Even still, though, it wasn’t quite enough. His ambitions were greater, his talents broader than simple farming. And when he got into the business end soon after returning, he never looked back.
“I wanted to see the bigger picture rather than just what we did in Haywood County,” says Queen, and that he did, eventually becoming president of first the North Carolina Cattlemen’s Association and then the National Cattlemen’s Beef Assocation.
The business, he says, has evolved over the years, growing in scope and depth, especially since the advent of online sales has put the world of clamoring cattle buyers at the fingertips of every small seller with an internet connection.
The newly opened regional market will, Queen hopes, do the same thing for local producers that burgeoning online auctions have done — provide small Southern farmers, who average 20 head per farm, the outlet to reach big-time buyers by pulling together and selling together.
Queen says he knows some rail against progress such as this, but he minces no words when he says it is truly the only way forward.
“Tradition is a great thing, but you know, in all reality, tradition is probably the No. 1 enemy of agriculture today,” says Queen. “We all want to do as daddy did or as granddaddy did, and we can’t operate that way any longer. We have to change as time does. We’ve got to learn to adapt to that if we’re going to get the value out of our livestock.”
And really, he is the perfect spokesman for that growth, change and adaptation; with his roots deep in local soil, he understands and appreciates the history that brought regional agriculture to its current resting place, but with his head and heart in the global market, he understands that this can’t be its resting place for long, lest it be left behind by a speedily changing world.
Plus, for all his success in international livestock marketing — and he’s adamant that global exporting must be a part of every cattle farmer’s core principles — to meet John Queen is to meet one of the friendliest, most plainly genuine people you’re likely to come across.

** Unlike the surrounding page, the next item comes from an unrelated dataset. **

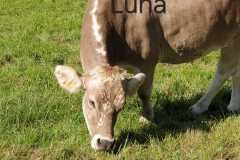 WhatsApp-Image-2025-10-28-at-13.08.29-1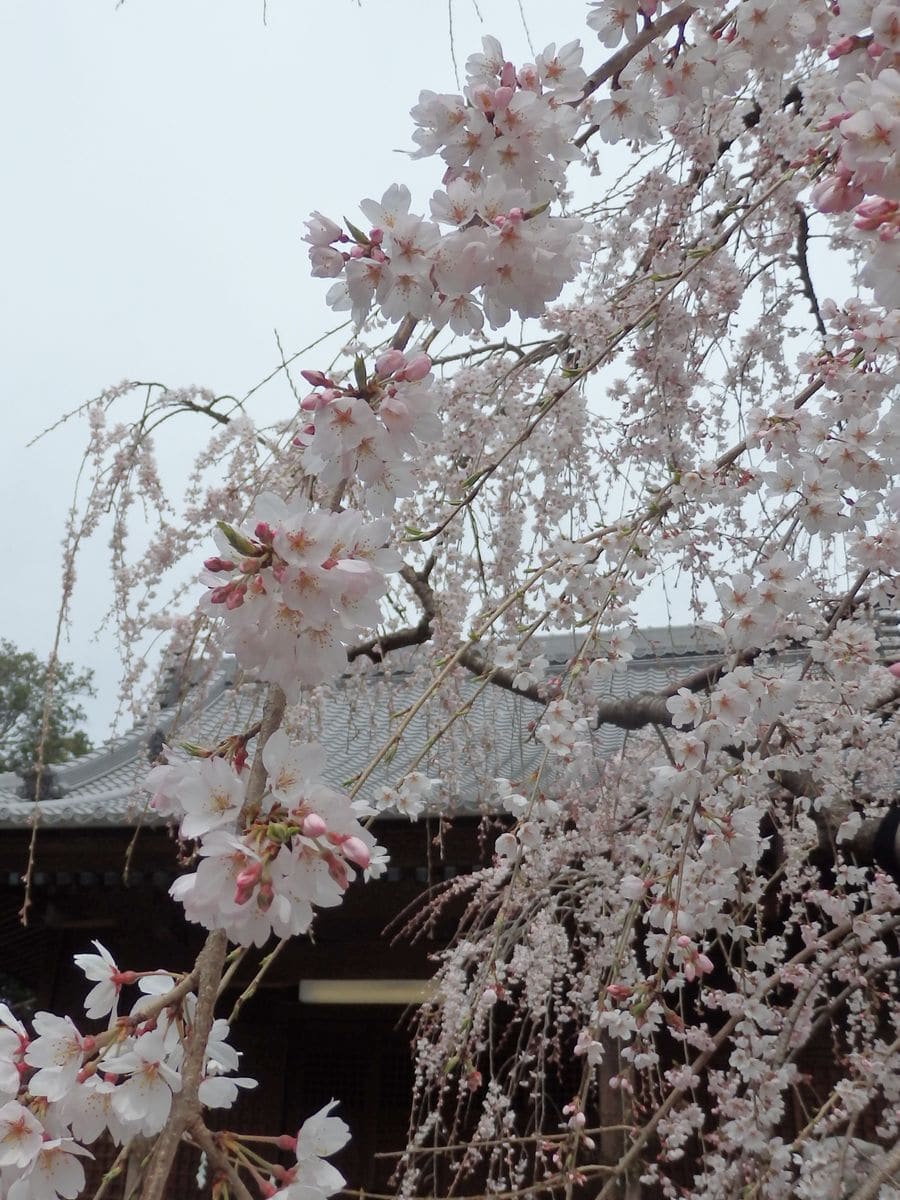 枝垂れ桜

His ardent zeal for what he does and what it can become is endearing and contagious, and it’s not a mental stretch to envision him convincing veritably every cattleman that crosses his path of the merits of forward agricultural progress.
Though he doesn’t think he’ll pass his enterprise on to his daughters the way it was passed on to him — the business has changed, he says, grown and tendrilled out into a complex organism that needs someone with his passion behind it — he’d like nothing better than to be doing exactly this until the very day he dies.
“I’ve always been thrilled with the atmosphere and nature of the marketplace. The day I die, I hope I’m either running cattle around on my farm or somewhere marketing cattle. It’s just the ideal thing for me,” says Queen. And with that, and a ring of the Blackberry, he’s off once more, into the next incarnation of a business that he’s built from the ground up, and an industry that he’s helping lead into the future of American farming.